The initiative came to light last week in a New York Times story that cited an internal announcement of the department’s new priority: “investigations and possible litigation related to intentional race-based discrimination in college and university admissions.” Though the document didn’t specify who’s considered at risk from affirmative action policies, both critics and supporters of the initiative told the Times that the effort is targeting programs that seek to help black and Latino students.

Why this issue, and why now? The second question is easier to answer than the first one. The move is timed to appeal to Americans who see anti-white bias as a significant problem — and nearly half of Trump voters believe that whites face “a lot of discrimination,” they told pollsters just after the election. What’s more, according to recent research by Cato Institute polling director Emily Ekins, the voters who feel a sense of racial solidarity with the president are also the most likely of his supporters to stand by him through his administration’s many twists and turns.

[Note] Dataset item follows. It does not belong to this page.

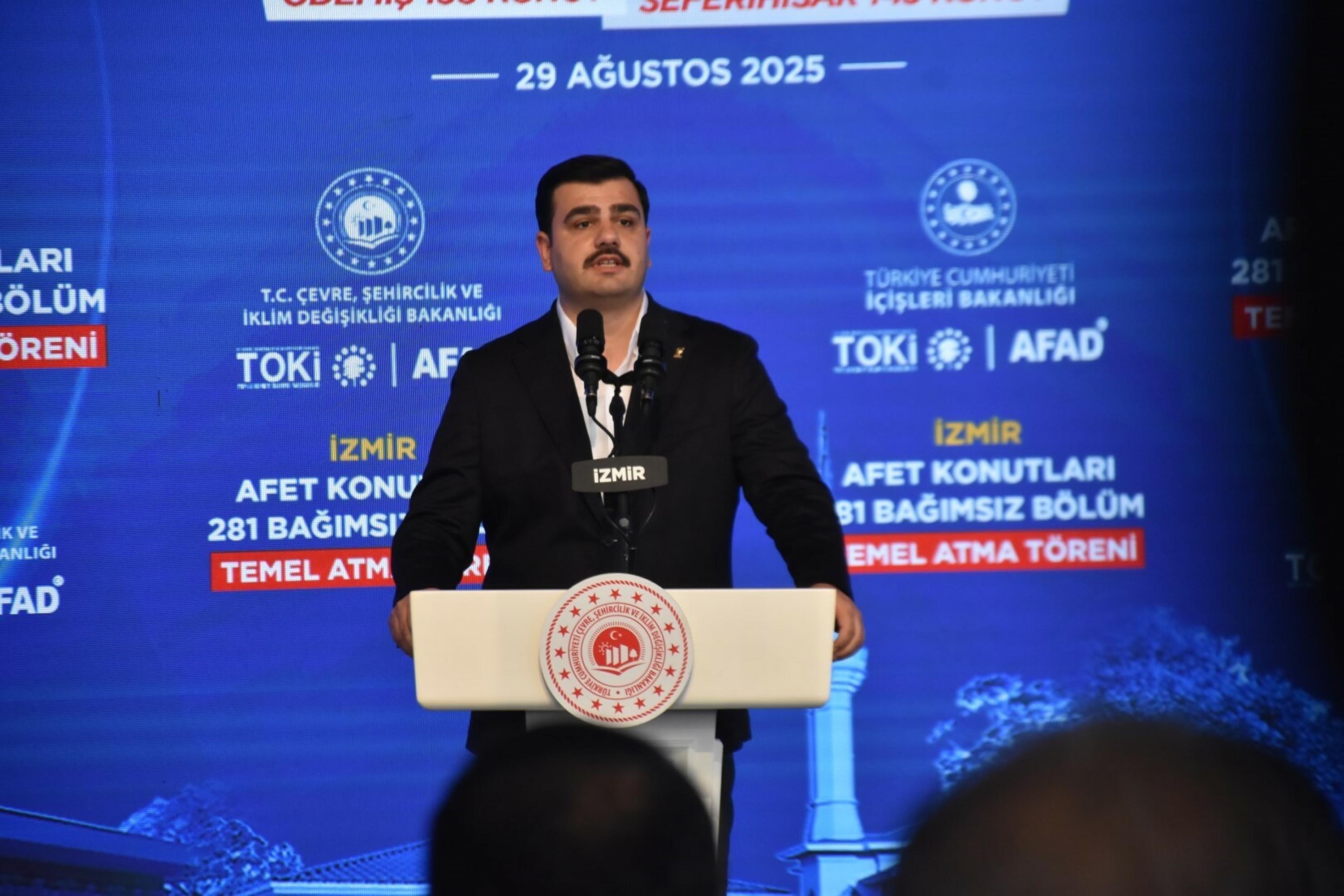 Bakan Murat Kurum temel atma töreninde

And the idea that anti-white bias is actually doing harm is staggeringly hard to combat, despite the mountain of data that show that white people are well served by our higher education system. White adults, for example, are far more likely to obtain a bachelor’s degree than either black or Hispanic Americans. Whites made up 60 percent of the nation’s high school graduates in 2004, according to a 2012 Stanford University study, but accounted for nearly three-quarters of all applicants admitted to the nation’s most selective colleges. And white young people from wealthy families have advantages that others don’t, in the form of parental donations and legacy admission preferences that propel their college applications to the top of the pile.

But in an increasingly diverse society where a bachelor’s degree has become the key to a living wage and a middle-class life, we can’t afford colleges and universities whose doors aren’t open to all students. If the Trump administration can’t be persuaded by the moral arguments for maintaining affirmative action, let’s make the pragmatic case instead. We have too many actual civil rights issues to address without being distracted by a made-up one.